The next Batman movie was Christopher Nolan’s saving-grace reboot “Batman Begins,” in 2005.
“With hindsight it’s easy to look back at this and go, ‘Woah, that was really s— and I was really bad in it,'” Clooney said. “It was a difficult film to be good in.”
He quickly realised that he needed to steer clear of flashy movies that are “wastes of money.”
“At that point I realised I’d better start picking better. My next three movies were ‘Out Of Sight,’ ‘Three Kings and O Brother,’ ‘Where Art Thou?'” Clooney said, according to Digital Spy. “It was, ‘OK, at last I understand now what I want to do.'”
Clooney’s time in Gotham City continues to influence his work. The actor prides himself on fighting for provocative movies under increasing pressure from distribution companies to churn out tent-pole films.
The actor argued that by evaluating Sony Pictures based on its revenue and not the quality of its content, Loeb makes it nearly impossible to produce meaningful but risky pictures, like Clooney’s Oscar-winning “Argo” or his current time-period project, “The Monuments Men.”
In “Argo,” the studio’s leap of faith paid off.
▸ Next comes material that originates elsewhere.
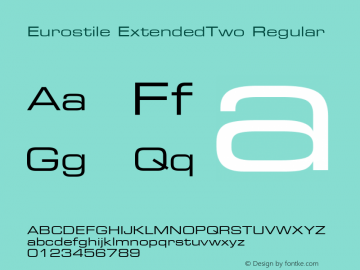Eurostile ExtendedTwo Regular 19: 14511: 1999图片样张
It grossed $US232 million worldwide on a production budget of $US44 million, according to Box Office Mojo.
“The Monuments Men” is equally promising as an untold story of World War II. Clooney, Matt Damon, Cate Blanchett, Bill Murray and John Goodman star as a crew of art historians and museum curators on a mission to recover renowned works of art stolen by Nazis, before Hitler destroys them. Written and directed by Clooney, it arrives in theatres December 2013.
Watch the trailer:
The dramedy is a far cry from the campy action-adventure “Batman & Robin.”
Clearly, Clooney let his conscience — and a photo of him as the Bat — be his guide.